The following is a guest post from Scott Stender

The Cloudflare TLS 1.3 beta is run by a Go implementation of the protocol based on the Go standard library, crypto/tls. Starting from that excellent Go codebase allowed us to quickly start experimenting, to be the first wide server deployment of the protocol, and to effectively track the changes to the specification draft.

Of course, the security of a TLS implementation is critical, so we engaged NCC Group's Cryptography Services to perform an audit at the end of 2016.

You can find the codebase on the Cloudflare GitHub. It's a drop-in replacement for crypto/tls and comes with a go wrapper to patch the standard library as needed.

The code is developed in the open but is currently targeted only at internal use: the repository is frequently rebased and the API is not guaranteed to be stable or fully documented. You can take a sneak peek at the API here.

The final goal is to upstream the patches to the Go project so that all users of the Go standard library benefit from it. You can follow the process here.

Below we republish the article about the audit first appeared on the NCC Group's blog.

NCC Group's Cryptography Services Complete an Audit of Cloudflare's TLS1.3

NCC Group's Cryptography Services practice recently completed a two-week audit of Cloudflare's TLS 1.3 implementation.

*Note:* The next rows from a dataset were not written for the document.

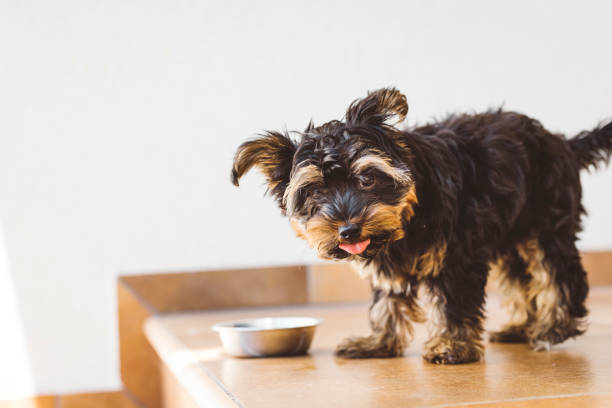 istock Hungry Yorkshire terrier eating his diner 1324942048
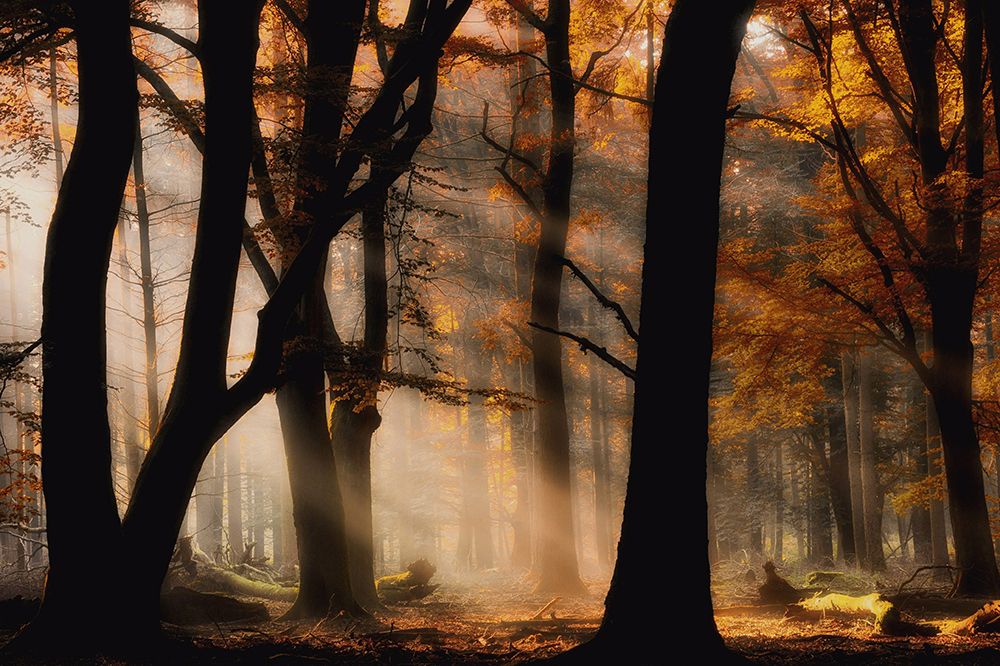 Autumn Light art print by Jan Paul Kraaij for $57.95 CAD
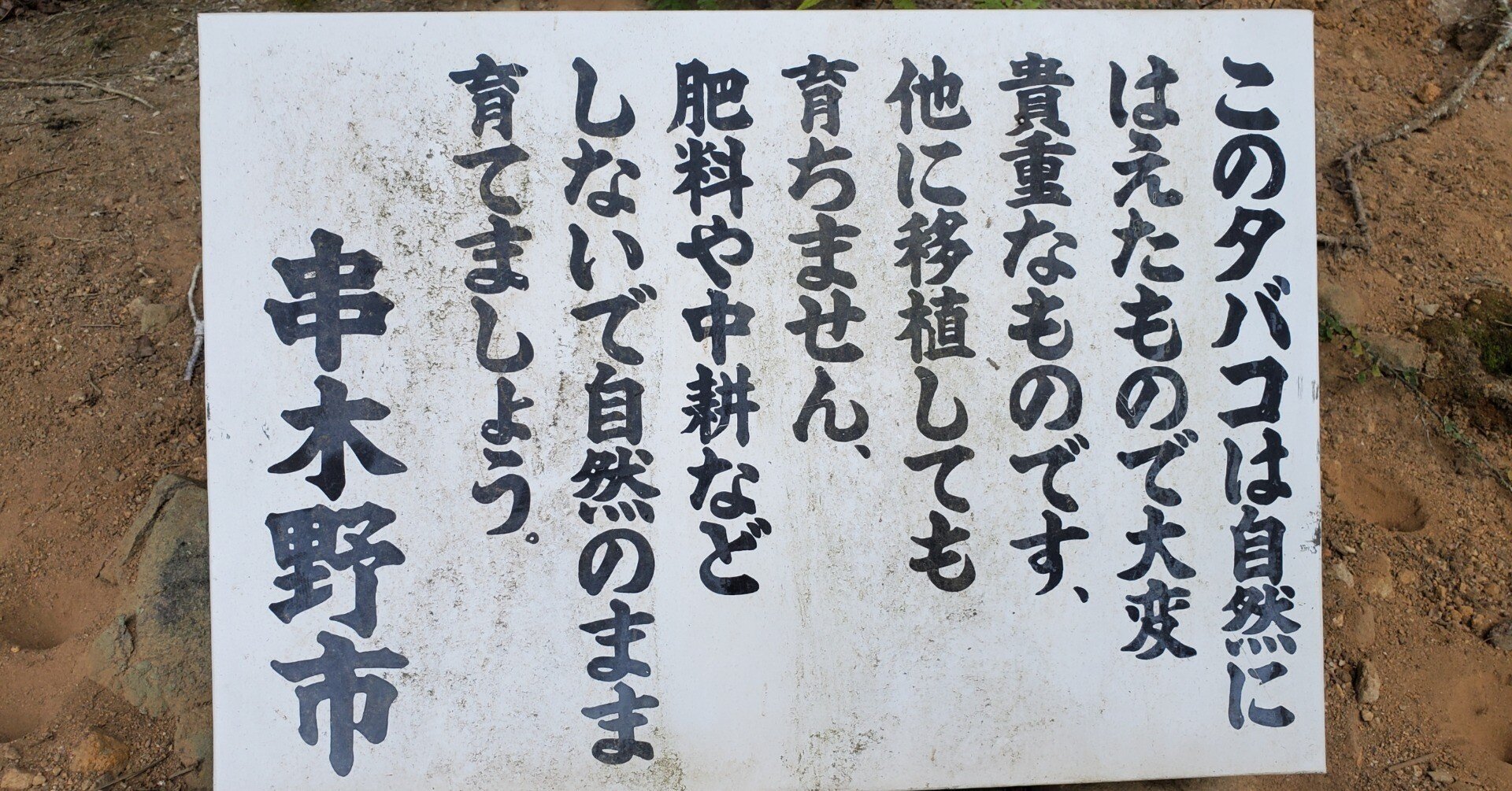 強すぎる薩摩のキセル｜岩浪陸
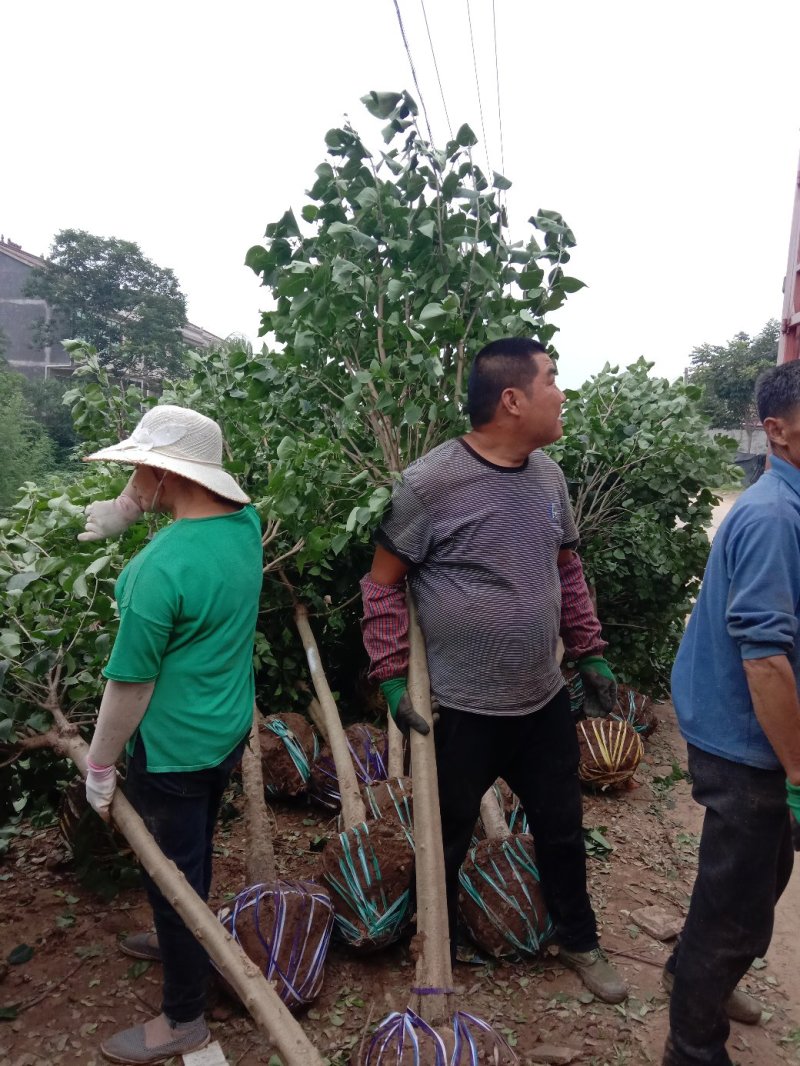 丁香丁香树丁香苗丁香花基地直销
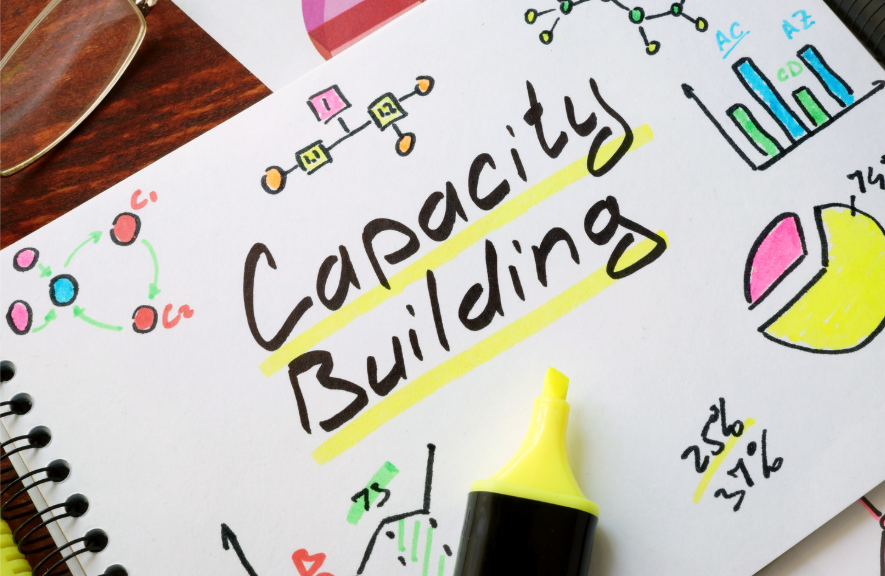 Mentoring e capacity building
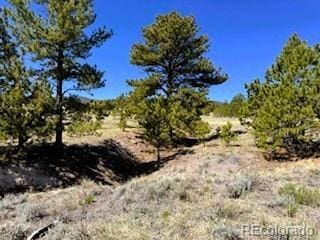 7493 Ranch Rd, Hartsel, CO 80449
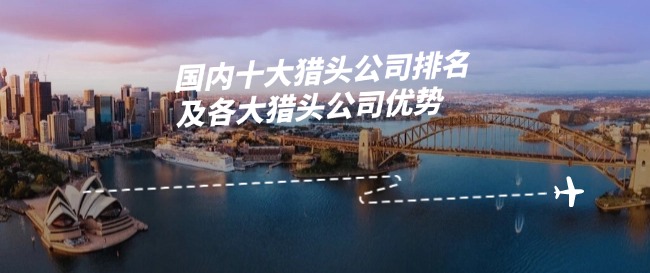 國內(nèi)十大獵頭公司排名及各大獵頭公司優(yōu)勢.jpg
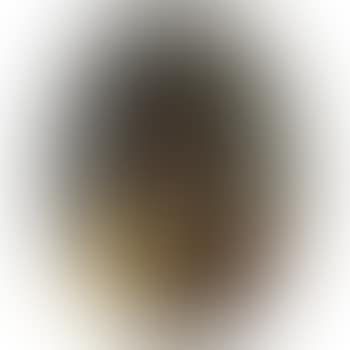 Portrait of a Negro Slave; and Portrait of a Negress (preview)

The audit took place between November 11, 2016 and December 9, 2016.

The TLS standard was last updated almost ten years ago and this version brings new features and a simplified handshake to the protocol. Many old cryptographic algorithms have been replaced with more modern ones, key exchanges have forward secrecy by default, the handshake phase will be faster, certificates will be able to enjoy security-proven signature schemes, MAC-then-Encrypt constructions are out—the weakest features of older TLS versions have been updated or removed.

Cryptography Services analyzed Cloudflare's TLS 1.3 implementation for protocol-level flaws and for deviations from the draft specification. The team found a small number of issues during the review—all of which were promptly fixed—and was pleased with the quality of the code.

Cloudflare built their implementation of TLS 1.3 on the Go programming language's standard TLS library, making use of the existing base to correctly and safely parse TLS packets. While building on top of older versions can be challenging, Cloudflare has added TLS 1.3 code in a safe and segregated way, with new defenses against downgrade attacks being added in the final implementation of the specification. This permits support for older versions of TLS while being free from unexpected conflicts or downgrades.

Using Go and its standard libraries enables Cloudflare to avoid common implementation issues stemming from vulnerable strcpy and memcpy operations, pointer arithmetic and manual memory management while providing a best-in-class crypto API.

Cloudflare implemented a conservative subset of the TLS 1.3 specification. State-of-the-art algorithms, such as Curve25519, are given priority over legacy algorithms. Session resumption is limited to the forward secure option. Cloudflare's implementation also considers efficiency, using AES-GCM if it detects accelerated hardware support and the faster-in-software Chacha20-Poly1305 in its absence.

There is still work to be done before TLS 1.3 enjoys large scale adoption. Cloudflare is paving the way with its reliable server implementation of TLS 1.3, and Firefox and Chrome's client implementations make end-to-end testing of the draft specification possible. NCC Group applauds the work of the IETF and these early implementers.